There was little of that in Tuesday’s federal budget. The headlining item for the North isn’t a spending item at all, it’s the government’s pledge to increase the borrowing limits for the NWT and Nunavut, respectively, to $1.3 billion and $650 million. Both territories are getting less than they wanted: NWT finance minister was after a new debt cap of $1.8 billion and Keith Peterson, his Nunavut counterpart, was looking for $750 million.

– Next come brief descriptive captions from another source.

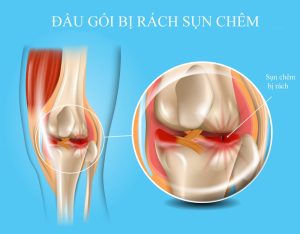 Tình trạng đầu gối bị rách sụn chêm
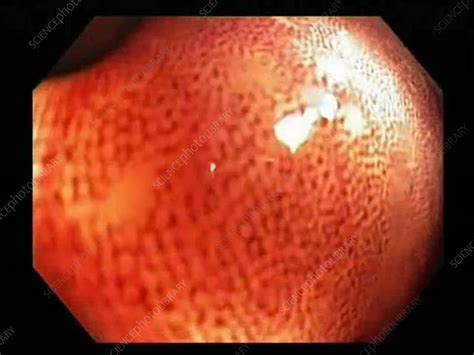 Melanosis Coli In The Colon Endoscopy Footage Stock Video Clip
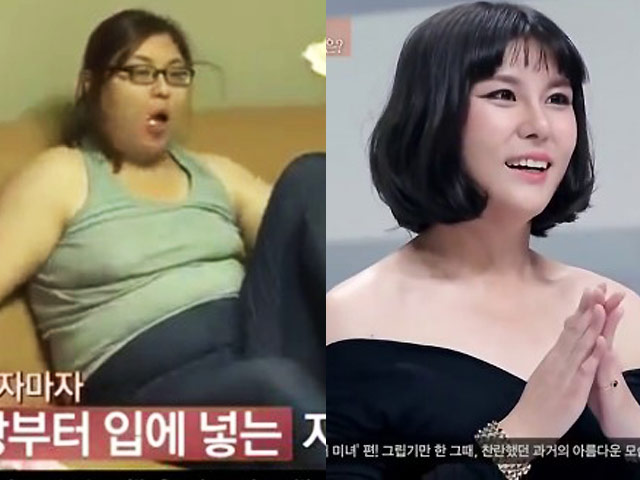 Thẩm mỹ viện - Bà mẹ nặng hơn 1 tạ xinh như minh tinh nhờ "dao kéo"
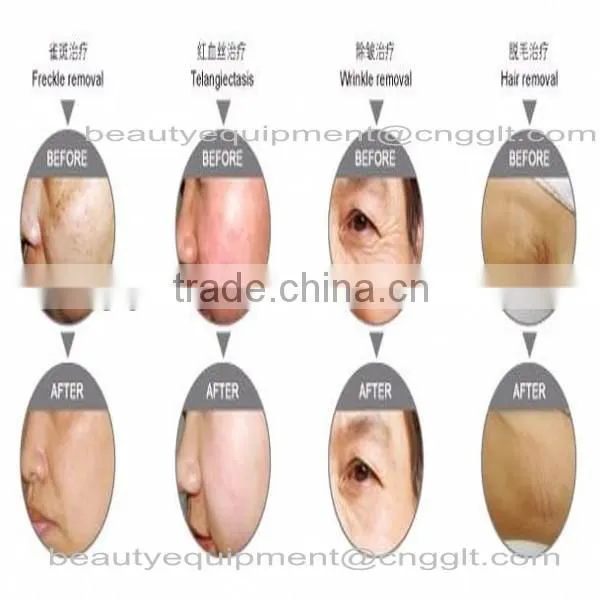IPL+RF Hair Removal natural hair removal soap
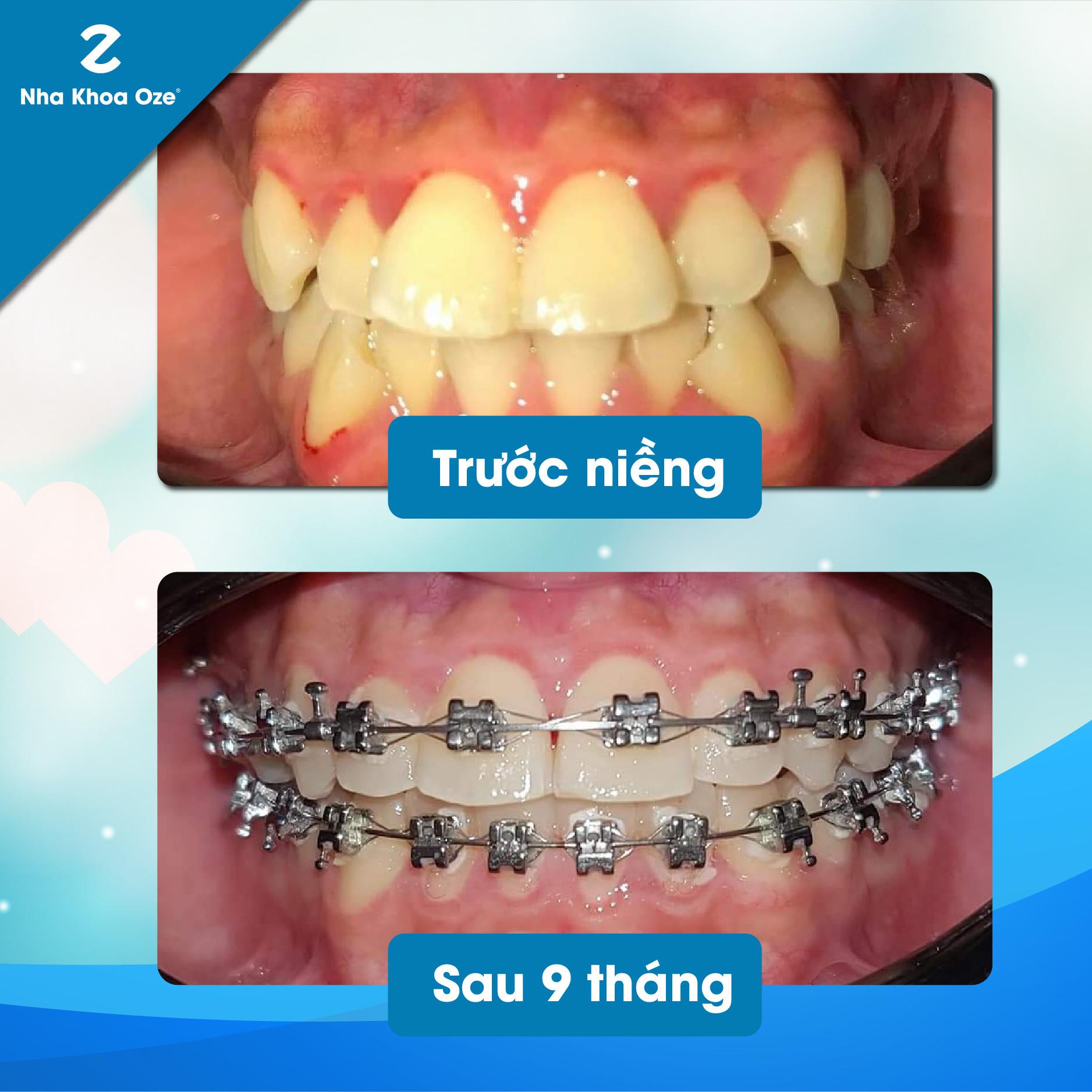 Top 5 địa chỉ niềng răng uy tín và chất lượng tại quận Hà Đông, Hà Nội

But the new figure at least represents some breathing room for cash-strapped governments that want to spend on infrastructure but face flat revenues. Premier Bob McLeod also announced Wednesday that the GNWT has reached an agreement with Finance Canada that will no longer count “self-liquidating” debt against the territorial debt ceiling. What this is means, said finance minister Michael Miltenberger, is that territorial debt that pays for itself by generating revenue will no longer clog up the GNWT’s borrowing room. The single largest example of this, Miltenberger said, is $200 million worth of NTPC debt, which is paid for by electricity rates.

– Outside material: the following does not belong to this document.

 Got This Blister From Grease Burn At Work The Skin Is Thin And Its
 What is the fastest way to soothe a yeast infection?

So there’s at least $700 million worth of wiggle room for the territorial government to pursue its favoured list of major infrastructure works: new alternative energy generation capacity, the Mackenzie Valley Highway from Wrigley to Inuvik, and possibly, though details remain sketchy, some kind of Slave region transportation corridor, which may include collaboration with Nunavut. (The GNWT will also be able to chase its share of the $5.3 billion available annually for infrastructure under the Building Canada Fund.)
“We see it as part and parcel of devolution,” McLeod told reporters, “because it gives us the flexibility to work on a number of different projects. We’re not constrained by an artificial cap.”
Otherwise, the budget was thin on Northern-specific items. There’s $5.7 million for the sealing industry, including money to create a certification regime for Inuit-hunted pelts, which will allow an end-run around the European Union’s (dumb) ban on seal products. To their credit, the Tories have held fast on sealing, even if it might’ve been easier to wash their hands of it. But while the cultural importance of seals to Inuit cannot be overstated, the economic impact of this particular proposal will be marginal. It will, however, serve as a nice little talking point for Leona Aglukkaq during this fall’s election campaign.
The budget calls out $34 million for weather and navigational services in the strategically and symbolically important approaches to the Northwest Passage, but it’s not new spending. Ottawa will continue to do this. There’s also $17 million for charting and aids to navigation in Arctic waters, which was welcomed by Inuit Tapirit Kanatami.
Partisans will helpfully point out that Northerners can make use of other elements of this budget, say, for example, the tax cuts for small business, a suite of tax credits for families, trades training, and spending on Aboriginal labour market programming. The Tories have made no secret that they plan to run this fall’s federal election campaign on the back of this balanced budget, which is underscored by the fact that finance minister Joe Oliver chose the most suburban-dad sneakers imaginable for his pair of ritual budget day shoes. That is the core of Tory support nationally, and this is a budget for them.
For the last nine years, the Tories have used the North as a spectacular backdrop for burnishing their credentials on foreign policy and nationalism, while avoiding as many major spending commitments as possible, $3.5 billion worth of seasonal icebreakers notwithstanding.
This week’s budget may well mark the final phase of the decades-long process of Ottawa extricating itself from direct involvement in building Northern infrastructure. In 40 years, we’ve gone from an arrangement where Ottawa made virtually every decision about what infrastructure to build and where, to a process largely guided by Yellowknife.
This is a sort of progress, this new face of federalism in the North. The ability to borrow and spend with fewer restrictions from the feds is a kind of freedom, one that offers the GNWT both flexibility and profound risk. Oddly enough, to use this new freedom it is to lose it.